Brief descriptive captions:
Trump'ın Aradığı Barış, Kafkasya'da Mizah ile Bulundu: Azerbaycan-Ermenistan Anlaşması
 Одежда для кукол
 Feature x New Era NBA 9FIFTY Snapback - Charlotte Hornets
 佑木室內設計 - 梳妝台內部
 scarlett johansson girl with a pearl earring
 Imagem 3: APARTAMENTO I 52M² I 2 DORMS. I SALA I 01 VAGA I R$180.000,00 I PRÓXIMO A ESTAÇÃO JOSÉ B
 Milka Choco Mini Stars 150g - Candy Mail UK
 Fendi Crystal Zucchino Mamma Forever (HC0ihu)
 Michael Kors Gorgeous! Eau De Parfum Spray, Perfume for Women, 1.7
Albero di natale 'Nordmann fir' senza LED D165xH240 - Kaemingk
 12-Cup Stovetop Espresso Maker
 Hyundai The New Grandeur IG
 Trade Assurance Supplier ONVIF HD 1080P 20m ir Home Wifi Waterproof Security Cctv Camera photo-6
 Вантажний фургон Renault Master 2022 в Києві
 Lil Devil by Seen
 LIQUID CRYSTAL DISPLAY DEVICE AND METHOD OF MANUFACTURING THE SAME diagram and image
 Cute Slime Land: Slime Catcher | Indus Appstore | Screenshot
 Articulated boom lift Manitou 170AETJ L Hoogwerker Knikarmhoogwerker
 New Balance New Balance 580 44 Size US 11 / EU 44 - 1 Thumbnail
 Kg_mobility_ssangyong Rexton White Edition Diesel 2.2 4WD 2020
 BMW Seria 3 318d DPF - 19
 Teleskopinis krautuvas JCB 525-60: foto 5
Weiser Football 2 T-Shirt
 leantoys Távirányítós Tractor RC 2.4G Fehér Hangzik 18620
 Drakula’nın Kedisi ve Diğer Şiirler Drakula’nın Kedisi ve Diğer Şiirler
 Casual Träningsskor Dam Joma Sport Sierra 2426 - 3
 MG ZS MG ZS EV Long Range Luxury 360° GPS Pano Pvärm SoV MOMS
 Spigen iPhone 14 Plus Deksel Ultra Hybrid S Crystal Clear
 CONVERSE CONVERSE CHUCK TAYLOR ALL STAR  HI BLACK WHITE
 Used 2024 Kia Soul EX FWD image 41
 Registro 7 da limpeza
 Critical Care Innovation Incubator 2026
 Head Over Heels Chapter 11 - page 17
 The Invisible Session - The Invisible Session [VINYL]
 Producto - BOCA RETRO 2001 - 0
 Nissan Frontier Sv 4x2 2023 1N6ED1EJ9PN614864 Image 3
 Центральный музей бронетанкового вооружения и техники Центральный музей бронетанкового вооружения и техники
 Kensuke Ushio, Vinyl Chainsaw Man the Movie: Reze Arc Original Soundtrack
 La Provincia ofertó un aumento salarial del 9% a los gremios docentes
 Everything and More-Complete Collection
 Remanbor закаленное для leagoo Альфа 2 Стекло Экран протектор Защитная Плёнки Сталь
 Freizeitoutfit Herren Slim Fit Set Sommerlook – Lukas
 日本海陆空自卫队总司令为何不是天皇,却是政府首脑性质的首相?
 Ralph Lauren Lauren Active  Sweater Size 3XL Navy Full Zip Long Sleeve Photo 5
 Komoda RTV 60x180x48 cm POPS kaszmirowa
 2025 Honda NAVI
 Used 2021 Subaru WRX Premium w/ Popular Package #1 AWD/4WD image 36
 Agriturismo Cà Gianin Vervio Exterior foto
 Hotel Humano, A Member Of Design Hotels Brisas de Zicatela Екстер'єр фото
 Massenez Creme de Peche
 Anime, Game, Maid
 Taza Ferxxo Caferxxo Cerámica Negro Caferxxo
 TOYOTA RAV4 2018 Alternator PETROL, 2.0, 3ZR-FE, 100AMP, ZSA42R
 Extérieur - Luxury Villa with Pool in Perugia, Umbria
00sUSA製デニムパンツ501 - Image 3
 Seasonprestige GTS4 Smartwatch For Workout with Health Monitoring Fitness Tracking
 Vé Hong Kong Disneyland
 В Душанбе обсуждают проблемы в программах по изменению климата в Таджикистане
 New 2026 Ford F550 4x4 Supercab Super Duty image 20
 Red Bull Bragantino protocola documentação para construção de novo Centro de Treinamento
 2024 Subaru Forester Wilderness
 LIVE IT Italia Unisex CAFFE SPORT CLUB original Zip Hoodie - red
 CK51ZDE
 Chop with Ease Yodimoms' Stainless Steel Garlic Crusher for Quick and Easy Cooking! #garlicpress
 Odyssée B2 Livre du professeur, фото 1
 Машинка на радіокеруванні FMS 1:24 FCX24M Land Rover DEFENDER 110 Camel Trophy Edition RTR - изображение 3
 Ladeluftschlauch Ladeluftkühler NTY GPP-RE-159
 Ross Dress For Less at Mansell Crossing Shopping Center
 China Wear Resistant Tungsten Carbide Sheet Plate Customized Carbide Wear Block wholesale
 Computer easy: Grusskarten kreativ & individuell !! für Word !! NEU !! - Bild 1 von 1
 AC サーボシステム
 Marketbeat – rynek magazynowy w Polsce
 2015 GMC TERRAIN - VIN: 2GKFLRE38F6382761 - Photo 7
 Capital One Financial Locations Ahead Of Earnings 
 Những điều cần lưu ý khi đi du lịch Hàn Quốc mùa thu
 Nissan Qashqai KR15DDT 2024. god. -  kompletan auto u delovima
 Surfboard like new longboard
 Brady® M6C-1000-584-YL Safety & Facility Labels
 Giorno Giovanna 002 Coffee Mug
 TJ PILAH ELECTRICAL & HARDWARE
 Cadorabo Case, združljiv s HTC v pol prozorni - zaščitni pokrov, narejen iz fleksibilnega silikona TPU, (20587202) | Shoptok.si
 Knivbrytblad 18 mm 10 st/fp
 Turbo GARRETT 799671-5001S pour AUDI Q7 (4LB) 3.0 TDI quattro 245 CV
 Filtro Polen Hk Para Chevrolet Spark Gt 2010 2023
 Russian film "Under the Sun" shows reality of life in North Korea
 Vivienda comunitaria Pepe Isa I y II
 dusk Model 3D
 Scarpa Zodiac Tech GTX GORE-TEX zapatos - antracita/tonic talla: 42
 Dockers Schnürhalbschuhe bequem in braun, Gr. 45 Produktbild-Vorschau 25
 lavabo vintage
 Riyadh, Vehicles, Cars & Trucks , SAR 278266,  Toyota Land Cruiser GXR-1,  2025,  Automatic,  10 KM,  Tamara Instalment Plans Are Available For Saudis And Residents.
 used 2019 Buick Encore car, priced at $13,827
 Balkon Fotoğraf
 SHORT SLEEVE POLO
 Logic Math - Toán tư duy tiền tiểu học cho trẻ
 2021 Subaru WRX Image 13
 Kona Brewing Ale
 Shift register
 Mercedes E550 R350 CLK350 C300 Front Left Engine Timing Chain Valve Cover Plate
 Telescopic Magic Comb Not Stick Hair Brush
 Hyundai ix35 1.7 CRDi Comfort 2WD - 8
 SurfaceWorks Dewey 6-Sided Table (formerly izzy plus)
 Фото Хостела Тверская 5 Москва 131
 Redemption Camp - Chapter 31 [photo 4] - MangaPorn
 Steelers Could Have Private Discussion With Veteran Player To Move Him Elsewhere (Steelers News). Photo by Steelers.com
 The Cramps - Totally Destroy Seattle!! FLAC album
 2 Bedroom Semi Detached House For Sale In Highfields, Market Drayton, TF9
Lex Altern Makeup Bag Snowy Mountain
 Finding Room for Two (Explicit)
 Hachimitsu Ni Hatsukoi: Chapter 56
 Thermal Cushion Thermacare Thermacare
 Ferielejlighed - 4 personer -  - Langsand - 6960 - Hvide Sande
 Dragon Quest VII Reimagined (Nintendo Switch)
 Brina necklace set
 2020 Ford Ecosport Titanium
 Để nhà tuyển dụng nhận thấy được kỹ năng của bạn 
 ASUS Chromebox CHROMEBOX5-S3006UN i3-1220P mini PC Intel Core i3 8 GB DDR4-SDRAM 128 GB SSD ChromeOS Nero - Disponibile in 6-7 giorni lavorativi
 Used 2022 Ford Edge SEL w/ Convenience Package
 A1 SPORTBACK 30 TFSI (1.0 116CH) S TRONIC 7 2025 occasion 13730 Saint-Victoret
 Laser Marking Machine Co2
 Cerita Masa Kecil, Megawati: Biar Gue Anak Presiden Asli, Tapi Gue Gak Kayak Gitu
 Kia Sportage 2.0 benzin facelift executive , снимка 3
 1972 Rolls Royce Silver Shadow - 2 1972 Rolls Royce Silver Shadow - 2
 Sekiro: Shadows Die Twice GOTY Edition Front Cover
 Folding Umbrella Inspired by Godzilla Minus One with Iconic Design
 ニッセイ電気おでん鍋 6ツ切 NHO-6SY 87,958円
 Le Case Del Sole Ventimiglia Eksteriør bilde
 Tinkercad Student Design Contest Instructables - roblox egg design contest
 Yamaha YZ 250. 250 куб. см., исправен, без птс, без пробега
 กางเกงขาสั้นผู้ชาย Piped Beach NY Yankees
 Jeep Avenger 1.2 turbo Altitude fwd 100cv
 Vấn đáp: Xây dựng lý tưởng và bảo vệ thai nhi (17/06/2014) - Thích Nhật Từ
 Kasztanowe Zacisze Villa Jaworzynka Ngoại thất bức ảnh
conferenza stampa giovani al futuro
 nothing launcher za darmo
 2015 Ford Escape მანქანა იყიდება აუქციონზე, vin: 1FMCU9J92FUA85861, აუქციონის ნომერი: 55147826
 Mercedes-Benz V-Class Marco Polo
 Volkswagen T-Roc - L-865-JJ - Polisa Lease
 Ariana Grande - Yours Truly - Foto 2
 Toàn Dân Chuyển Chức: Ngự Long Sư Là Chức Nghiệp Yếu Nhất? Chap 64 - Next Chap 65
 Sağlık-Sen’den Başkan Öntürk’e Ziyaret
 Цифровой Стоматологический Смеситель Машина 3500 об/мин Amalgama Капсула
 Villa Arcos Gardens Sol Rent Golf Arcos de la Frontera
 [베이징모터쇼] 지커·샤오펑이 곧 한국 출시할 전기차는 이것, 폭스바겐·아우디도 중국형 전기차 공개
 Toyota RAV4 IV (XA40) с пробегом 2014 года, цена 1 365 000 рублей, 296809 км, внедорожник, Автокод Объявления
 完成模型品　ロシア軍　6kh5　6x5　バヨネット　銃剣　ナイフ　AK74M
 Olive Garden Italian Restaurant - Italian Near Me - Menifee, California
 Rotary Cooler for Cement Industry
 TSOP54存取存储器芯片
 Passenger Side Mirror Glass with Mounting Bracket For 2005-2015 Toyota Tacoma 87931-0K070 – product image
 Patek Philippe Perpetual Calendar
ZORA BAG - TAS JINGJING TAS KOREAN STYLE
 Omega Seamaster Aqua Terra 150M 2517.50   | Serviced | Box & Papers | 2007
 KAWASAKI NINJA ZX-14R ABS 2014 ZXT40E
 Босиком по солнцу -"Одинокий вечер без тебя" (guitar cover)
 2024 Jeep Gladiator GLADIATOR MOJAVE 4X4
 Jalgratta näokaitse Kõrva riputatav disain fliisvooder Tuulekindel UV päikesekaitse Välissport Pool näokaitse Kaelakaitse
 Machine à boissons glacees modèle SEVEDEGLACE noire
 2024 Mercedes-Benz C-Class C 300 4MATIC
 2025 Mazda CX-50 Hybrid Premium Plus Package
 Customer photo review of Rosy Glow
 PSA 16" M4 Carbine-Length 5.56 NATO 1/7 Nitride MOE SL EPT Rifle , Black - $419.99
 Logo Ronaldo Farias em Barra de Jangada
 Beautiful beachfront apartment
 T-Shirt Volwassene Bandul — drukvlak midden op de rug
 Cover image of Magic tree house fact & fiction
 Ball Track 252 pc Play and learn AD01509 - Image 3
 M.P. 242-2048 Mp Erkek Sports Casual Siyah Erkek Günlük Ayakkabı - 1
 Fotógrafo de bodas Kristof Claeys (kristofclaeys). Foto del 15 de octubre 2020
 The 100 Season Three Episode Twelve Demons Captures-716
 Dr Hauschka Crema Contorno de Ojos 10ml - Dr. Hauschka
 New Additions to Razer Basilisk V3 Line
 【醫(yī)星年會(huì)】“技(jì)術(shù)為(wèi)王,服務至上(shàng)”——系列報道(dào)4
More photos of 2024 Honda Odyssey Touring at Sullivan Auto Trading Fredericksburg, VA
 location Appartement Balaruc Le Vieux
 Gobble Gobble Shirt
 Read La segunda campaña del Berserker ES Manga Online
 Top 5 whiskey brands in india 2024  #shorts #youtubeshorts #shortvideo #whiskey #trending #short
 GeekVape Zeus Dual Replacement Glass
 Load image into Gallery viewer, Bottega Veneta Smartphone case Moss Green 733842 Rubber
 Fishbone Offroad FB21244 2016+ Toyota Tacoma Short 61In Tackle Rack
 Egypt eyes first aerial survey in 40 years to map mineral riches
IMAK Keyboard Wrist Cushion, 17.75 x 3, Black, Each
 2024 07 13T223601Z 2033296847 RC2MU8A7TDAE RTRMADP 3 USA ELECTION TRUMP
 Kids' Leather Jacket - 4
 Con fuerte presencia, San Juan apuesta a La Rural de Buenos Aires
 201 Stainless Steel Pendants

### Exercise
Beginning with the very first line of the records above, please retype each line through the one that has "Fendi Crystal Zucchino", and add nothing.

### Exercise response
Trump'ın Aradığı Barış, Kafkasya'da Mizah ile Bulundu: Azerbaycan-Ermenistan Anlaşması
 Одежда для кукол
 Feature x New Era NBA 9FIFTY Snapback - Charlotte Hornets
 佑木室內設計 - 梳妝台內部
 scarlett johansson girl with a pearl earring
 Imagem 3: APARTAMENTO I 52M² I 2 DORMS. I SALA I 01 VAGA I R$180.000,00 I PRÓXIMO A ESTAÇÃO JOSÉ B
 Milka Choco Mini Stars 150g - Candy Mail UK
 Fendi Crystal Zucchino Mamma Forever (HC0ihu)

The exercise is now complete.